Section 1203 of the Corporations Code of California includes provisions that may have the effect of deterring hostile takeovers or delaying or preventing in control or management of the Company. If an “interested person” makes an offer to purchase the shares of some or all of our shareholders, we must obtain an affirmative opinion in writing as to the fairness of the offering price prior to completing the transaction. California law considers a person to be an “interested person” if the person directly or indirectly controls our company, if the person is directly or indirectly controlled by one of our officers or directors, or if the person is an entity in which one of our officers or directors holds a material financial interest. If after receiving an offer from such an “interested person” we receive a subsequent offer from a neutral third party, then we must notify our shareholders of this offer and afford each of them the opportunity to withdraw their consent to the “interested person” offer.
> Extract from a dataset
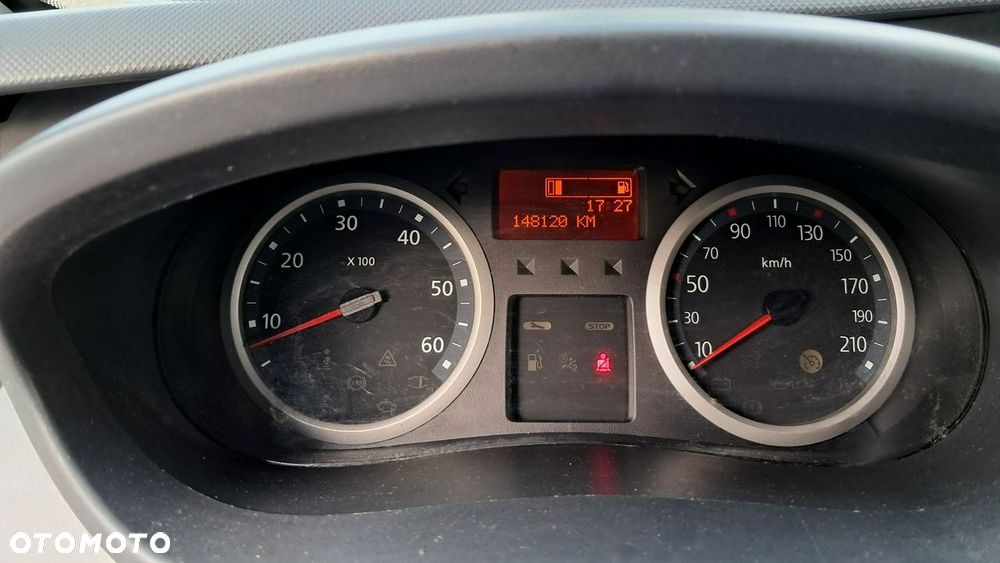 Renault Trafic - 22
Under the California Financial Code, no person shall, directly or indirectly, acquire control of a California state bank or its holding company unless the California Department of Business Oversight has approved such acquisition of control. A person would be deemed to have acquired control of the Company if such person, directly or indirectly, has the power (i) to vote 25% or more of the voting power of the Company or (ii) to direct or cause the direction of the management and policies of the Company. For purposes of this law, a person who directly or indirectly owns or controls 10% or more of our outstanding common stock would be presumed to control the Company.
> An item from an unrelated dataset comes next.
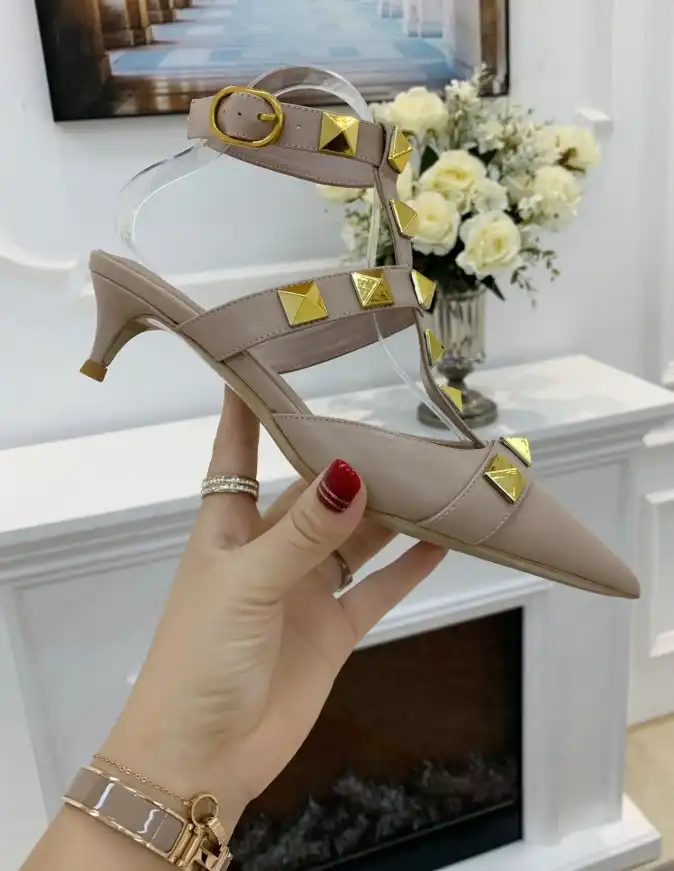 hype Valentino High Heels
The Bank Holding Company Act of 1956, as amended, generally would prohibit any company that is not engaged in financial activities and activities that are permissible for a bank holding company or a financial holding company from acquiring control of the Company. “Control” is generally defined as ownership of 25% or more of the voting stock or other exercise of a controlling influence. In addition, any existing bank holding company would need the prior approval of the Federal Reserve before acquiring 5% or more of our voting stock. The Change in Bank Control Act of 1978, as amended, prohibits a person or group of persons from acquiring control of a bank holding company unless the Federal Reserve has been notified and has not objected to the transaction. Under a rebuttable presumption established by the Federal Reserve, the acquisition of 10% or more of a class of voting stock of a bank holding company with a class of securities registered under Section 12 of the Exchange Act, such as the Company, could constitute acquisition of control of the bank holding company.
The foregoing provisions of California and federal law could make it more difficult for a third party to acquire a majority of our outstanding voting stock, by discouraging a hostile bid, or delaying, preventing or deterring a merger, acquisition or tender offer in which our shareholders could receive a premium for their shares, or effect a proxy contest for control of our company or other changes in our management.
Our Common Stock is listed for trading on the NASDAQ Global Select Market under the trading symbol “HTBK.”